The list comprehension over Iterators.product is faster than broadcasting because broadcasting requires index-ability. Since Iterators.product is a simple iterable, broadcast makes a copy of it with collect before doing its thing.

This is something I do think it’d be nice to have a better solution for — we’ve been brainstorming an API for it on the back-burner. Suggestions have included things like f.(orthogonalize(x, y, z)...) or f.(x, ^y, ^z).

3 Likes

Yes, apparently I skimmed your post too quickly, because I missed the fact that you were already using Iterators.product in your second solution.

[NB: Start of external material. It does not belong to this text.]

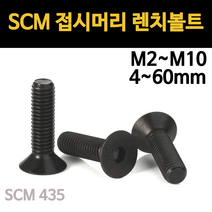 접시머리 렌치볼트 고장력 SCM 착색 M2 M2.5 M3 M4 M5 M6 M8 M10 소량 개당 낱개, SCM 접시머리 렌치볼트, M8(8mm), 55mm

Can’t Iterators.product itself be made indexable when its inputs are? It already has shape when its input have shape – an unusual property for iterators outside the Julia world – so it doesn’t seem like a big leap.
Though maybe the fact that it’s in Iterators would make it less discoverable, since it’s somewhat surprising that “iterators” have shape and/or are indexable.

1 Like

Yup, it sure could. It’d be as simple as defining axes, getindex, and Broadcast.broadcastable (to behave as itself) for Base.Iterators.ProductIterator{Tuple{Vararg{AbstractArray}}}.

1 Like

Then maybe I will suggest that. I generally like to use broadcasting so julia can collapse some of the loops when concatenating multiple functions.

I also like the idea of orthogonolize or the similar. As you said you have been brainstorming: Is there an issue on that?

It’s a bit of a tangent to the actual issue, but we’ve been talking about it in What to do about nonscalar indexing? · Issue #30845 · JuliaLang/julia · GitHub.

1 Like